GOAL OF THE EXERCISE:
Apart from the images, reproduce every record word for word.

* * * * *

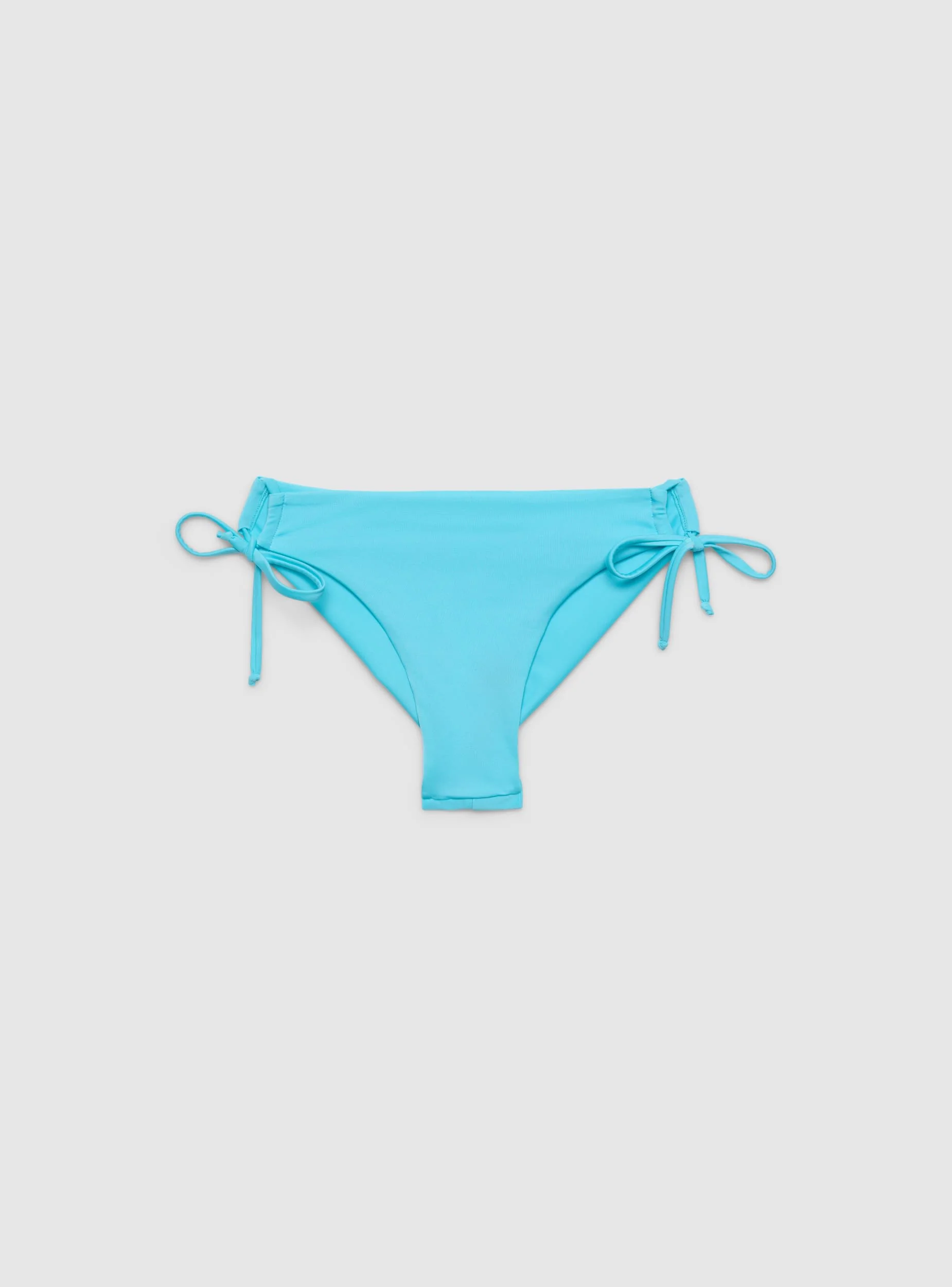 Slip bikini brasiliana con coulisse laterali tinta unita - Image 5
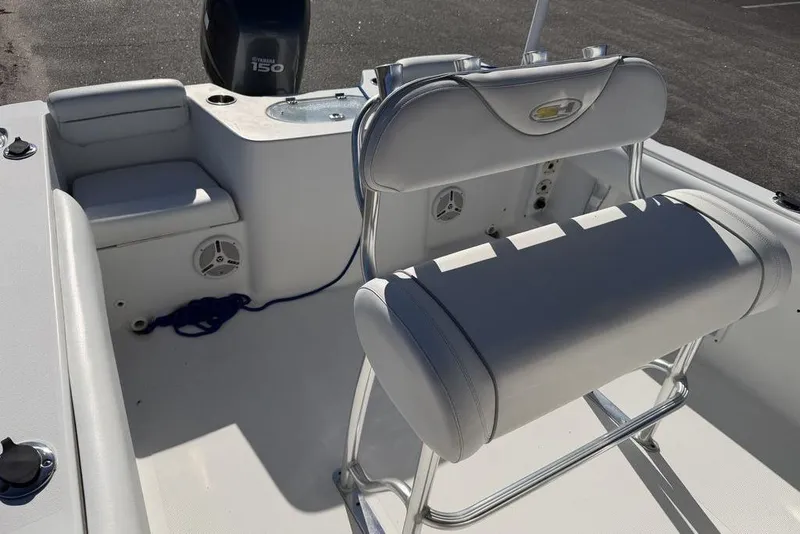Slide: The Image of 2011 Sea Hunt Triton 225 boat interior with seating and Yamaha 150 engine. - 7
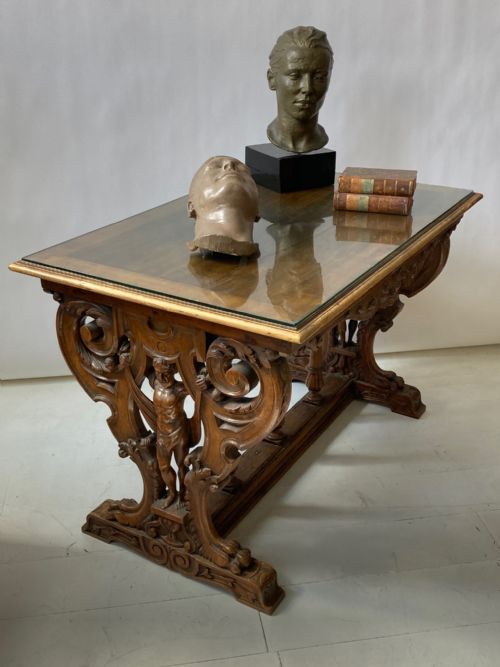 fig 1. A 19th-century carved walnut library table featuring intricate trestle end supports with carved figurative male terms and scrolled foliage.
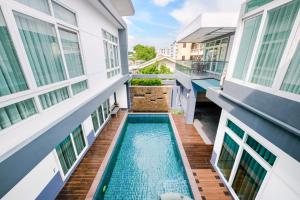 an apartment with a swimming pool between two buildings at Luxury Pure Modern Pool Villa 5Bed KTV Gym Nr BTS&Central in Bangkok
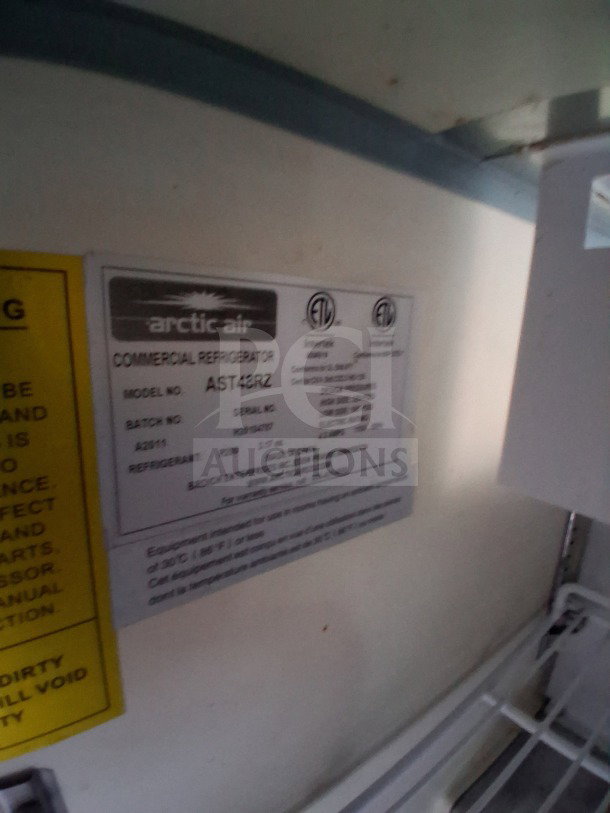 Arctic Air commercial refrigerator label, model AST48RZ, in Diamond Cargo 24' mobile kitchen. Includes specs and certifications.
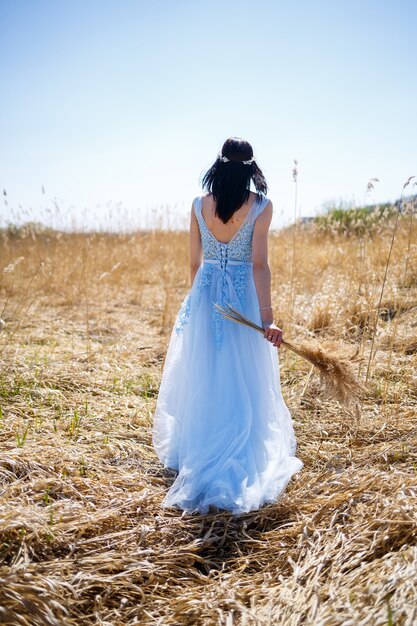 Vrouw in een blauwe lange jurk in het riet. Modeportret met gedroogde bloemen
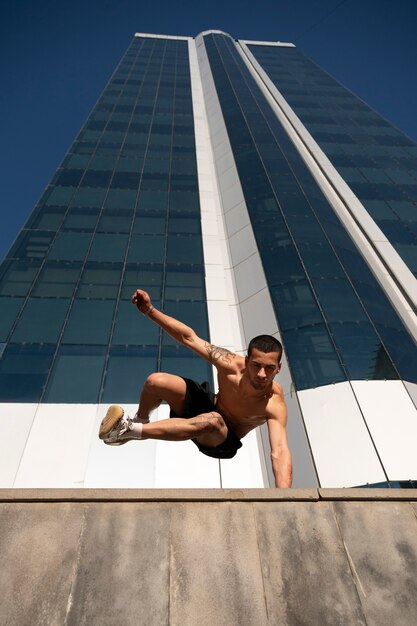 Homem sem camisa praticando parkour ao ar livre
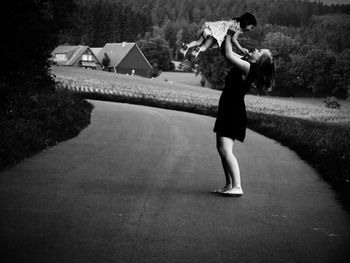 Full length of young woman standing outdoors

* * * * *

EXPECTED ANSWER:
 Slip bikini brasiliana con coulisse laterali tinta unita - Image 5
Slide: The Image of 2011 Sea Hunt Triton 225 boat interior with seating and Yamaha 150 engine. - 7
 fig 1. A 19th-century carved walnut library table featuring intricate trestle end supports with carved figurative male terms and scrolled foliage.
 an apartment with a swimming pool between two buildings at Luxury Pure Modern Pool Villa 5Bed KTV Gym Nr BTS&Central in Bangkok
 Arctic Air commercial refrigerator label, model AST48RZ, in Diamond Cargo 24' mobile kitchen. Includes specs and certifications.
 Vrouw in een blauwe lange jurk in het riet. Modeportret met gedroogde bloemen
 Homem sem camisa praticando parkour ao ar livre
 Full length of young woman standing outdoors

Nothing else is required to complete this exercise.